Source records Start Marker

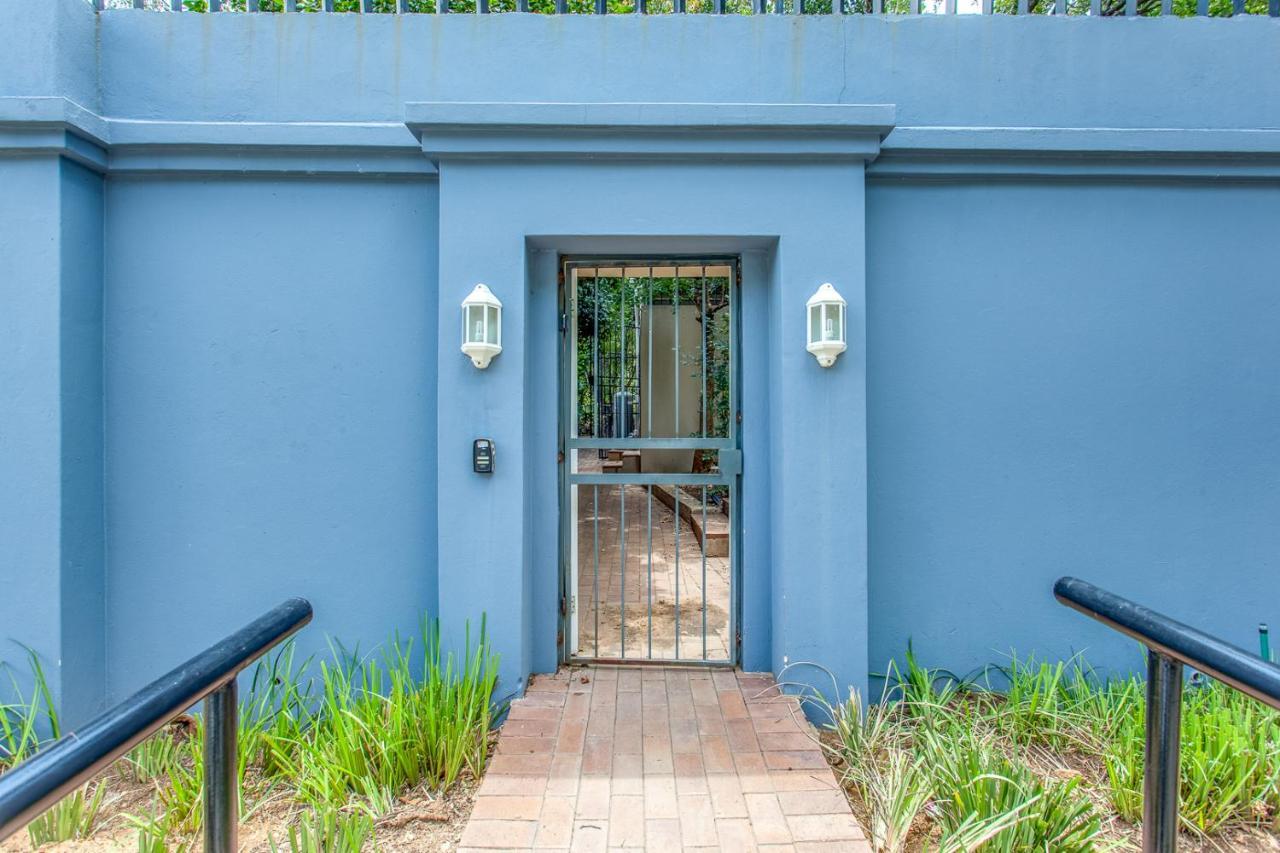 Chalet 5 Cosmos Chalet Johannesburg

Source records End Marker
Source records Start Marker

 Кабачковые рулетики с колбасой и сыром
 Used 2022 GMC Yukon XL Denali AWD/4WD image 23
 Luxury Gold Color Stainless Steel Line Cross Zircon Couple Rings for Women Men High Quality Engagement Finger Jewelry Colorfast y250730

Source records End Marker

### Exercise aim
Would you copy, unchanged, the stretch of the records above that begins at the line containing "Used 2022 GMC" and ends at the line containing "Luxury Gold Color", and only that?

### Response area
 Used 2022 GMC Yukon XL Denali AWD/4WD image 23
 Luxury Gold Color Stainless Steel Line Cross Zircon Couple Rings for Women Men High Quality Engagement Finger Jewelry Colorfast y250730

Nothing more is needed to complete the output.